A young director's examination how gender is performed on stage especially within the works of William Shakespeare

30 August 2012

'You that way: we this way...'

I have just returned from a summer in mid-Wales working with a group for whom Shakespeare is the beating heart of all they do. Putting on shows, education, inspiration – the source and well-spring of it all is the Bard's plays and sonnets. In so many ways it has been a life-changing experience, one that I am still processing and mulling over.

Of the many things I got involved with during my time was reorganising the library, as previously mentioned. Eventually the category 'women' was ditched and the books placed (more appropriately in the eyes of myself and my glamourous assistant!) under the headings 'Shakespeare critique', 'the life of Shakespeare', 'Jacobean theatre' amongst other. The women who are writing and being written about are now no longer niche, but integral.
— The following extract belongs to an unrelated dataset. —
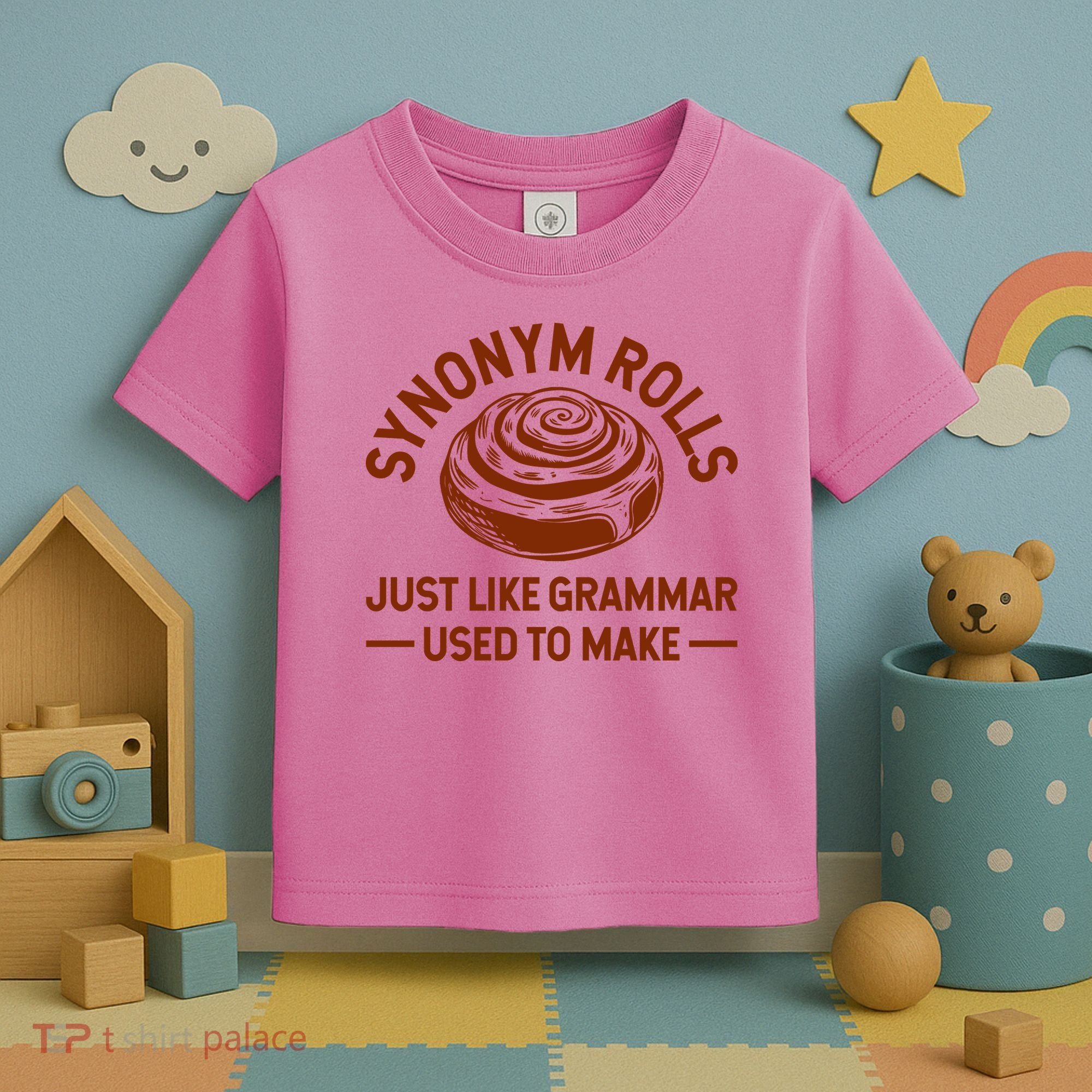 Funny Synonym Rolls Just Like Grammar Used To Make Toddler T-Shirt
One of the most serendipitous happenings over the summer was being visited by 11 incredible students from LAMDA who put on a dynamic, utterly side-splitting production of Love's Labour's Lost and had all the girls playing the boys and the boys playing the girls. This was done partly for practical reasons and partly to give each other a crack at lines they wouldn't usually speak. A couple of reflections:

– when they were trying to sort out costumes for the scene where the King and his cronies dress up as Russians they pulled out some 'svitas'. These are long overcoat-type garments with a fitted body and then a kind of skirt coming down to the knees. On a man it would have looked like traditional Russian dress. However, on the women (playing the men) it just looked as though they were wearing dresses. The players opted for black bomber jackets instead.
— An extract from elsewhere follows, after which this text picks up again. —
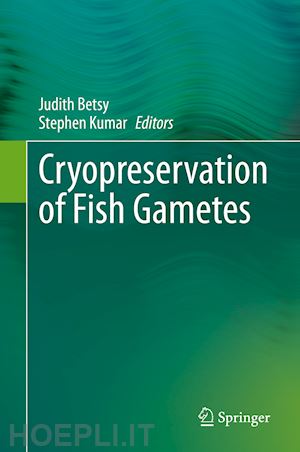 betsy judith (curatore); kumar stephen (curatore) - cryopreservation of fish gametes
– when the women were playing the men there was a certain amount of shoulder-squaring, swaggering and jaw-setting. However, by and large voices were not made deeper and (apart from comedy moustaches used during the Muscovites scene) there was no facial hair added or particular physical embellishments used. But when the men were playing women it was out and out camp. Comedy breasts (two large ones quickly becoming one enormous one from scene to scene) high-pitched voices, lots of giggling, fluttering of eye lids. It was all completely brilliant and hilarious but it struck me that women --> man = attempts to neutralise one's physicality; but man --> women = a pastiche reminiscent of drag acts. In both cases what we saw was one sex playing to an idea (or ideal?) of what they felt it meant to embody the opposite sex. All very intriguing and warranting of much pencil chewing...

– finally, Love's Labour's Lost is without doubt one of Shakespeare's most captivating plays. There is a huge amount of wordplay involved and the story takes some bizarre twists and turns but the ending left me covered in goose bumps. After much madness, four men pledge their love to four women and all seems well until, in the closing lines of the play, a messenger comes to tell the Princess of her father's death. She prepares to go home and the King pleads with her:

Now, at the latest minute of the hour,
Grant us your loves.

Her response is not what we expect at the finale of a Shakespearean comedy:

A time, methinks, too short
To make a world-without-end bargain in...

In a Midsummer Night's Dream it has taken them all of one night to decide that they're all hopelessly in love with each other; Sebastian in Twelfth Night has known Olivia for about five minutes before agreeing to marry her. Yet in LLL the Princess is unwilling to commit to marriage and tells the men that they must spend a year in a monastery and, if they can manage it, only then they will marry them.

It is usually thought that the tragedies are Shakespeare's more transgressive plays, as all is not well that ends well, 'natural order' is disturbed, Jack does not have Jill and chaos often reigns. It is within the comedies that people emerge as they 'should' – bowing to authority and all married to the 'right' people. LLL seems to shy away from this predictable ending and as such it is a play I intend to plunder the depths of in the coming time.

All in all it has been an amazing, emotional, challenging and inspiring summer. It has reminded me once more that any academic study I undertake cannot be done in isolation from real living people – again going back to the thing of being very definitely a woman and not a man, but not being prescriptive about that identity. Women and men live out their identities here and now, and that real-life, lived, living experience needs to be engaged with and given equal worth alongside any theoretical exploration.

8 August 2012

Did someone tell you I was here?!

I am very excited because the theatre company I am working with for the summer (in the middle of actual nowhere) are hosting a group from LAMDA this week, as they knock together a production of Love's Labour's Lost in 6 days. Not only is this a really cool project and they're all really lovely people, but one choice they have made for this production is to have the girls play the boys and the boys play the girls! HELLO!! Did someone tell them I was here?! I had a chat with a few of them and asked why they had made that choice. It was partly practical as there are 6 girls and 4 boys in the group and - of course - the play has more parts for the boys; but one of the girls said 'well, we wanted a go at all the good juicy speeches!' And I reckon that in itself is a good enough reason for mixing up who plays what in any play.